• **Excerpted records**:
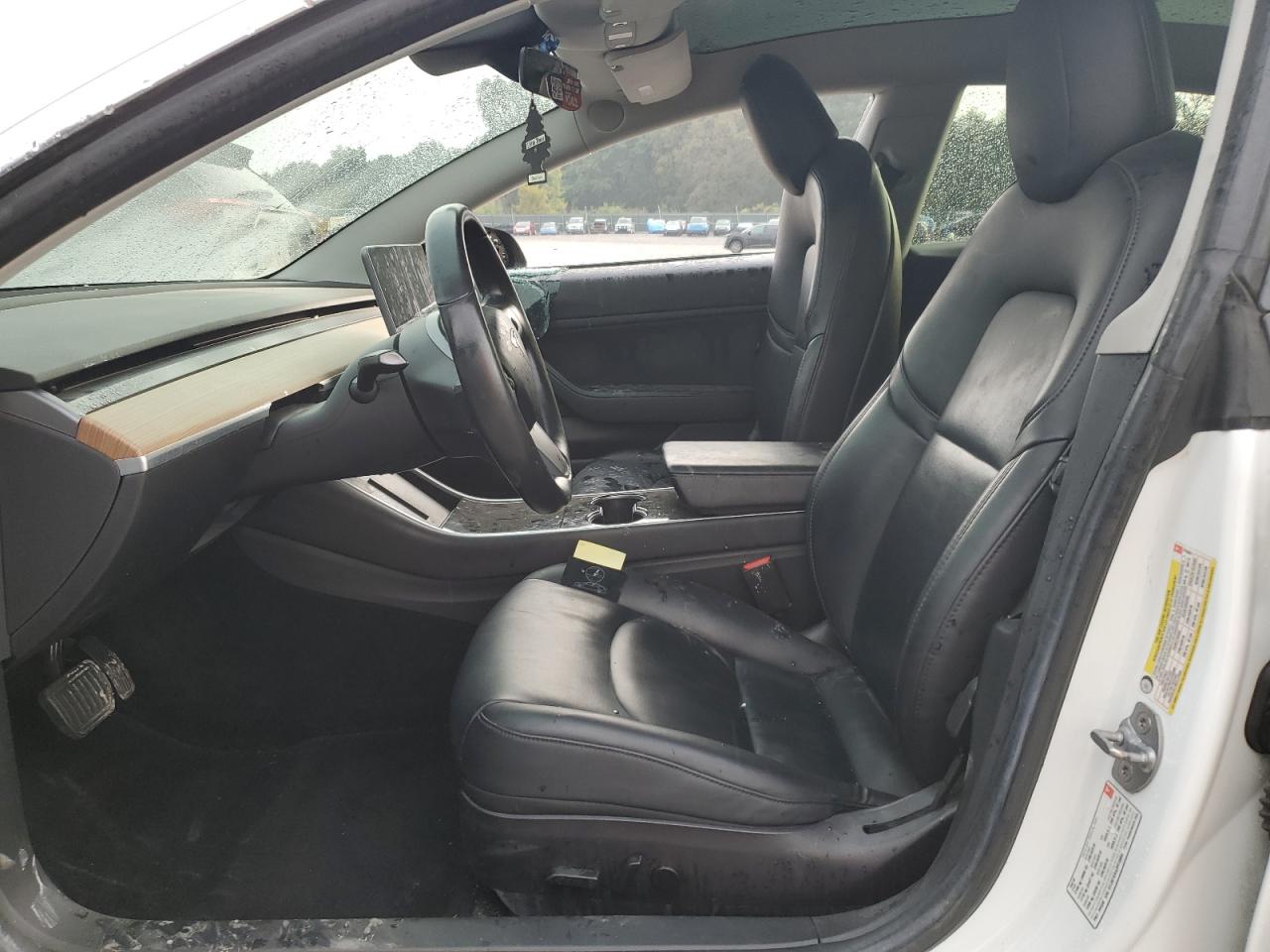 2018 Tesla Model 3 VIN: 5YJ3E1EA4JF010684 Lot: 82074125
* * *
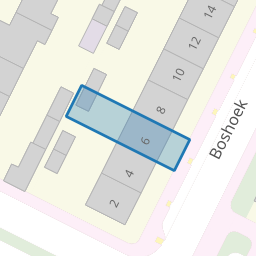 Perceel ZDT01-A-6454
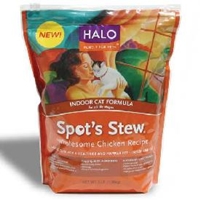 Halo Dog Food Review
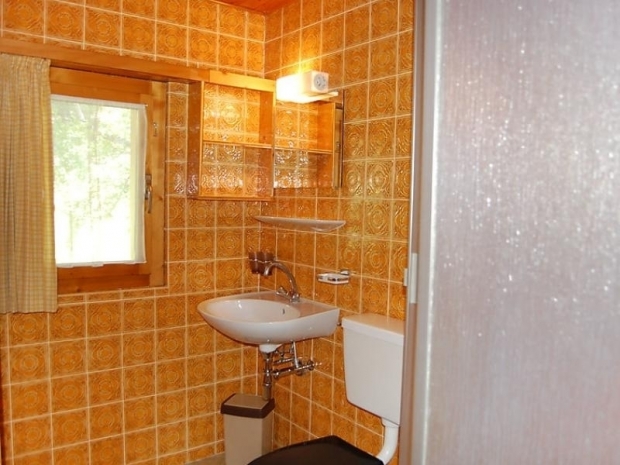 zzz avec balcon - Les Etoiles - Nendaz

• **What you should do**:
Look above for the line with "Perceel ZDT01-A-6454", then give again exactly every line from there through the line with "zzz avec balcon - Les Etoiles - Nendaz", skipping the pictures.

• **Expected answer**:
 Perceel ZDT01-A-6454
 Halo Dog Food Review
 zzz avec balcon - Les Etoiles - Nendaz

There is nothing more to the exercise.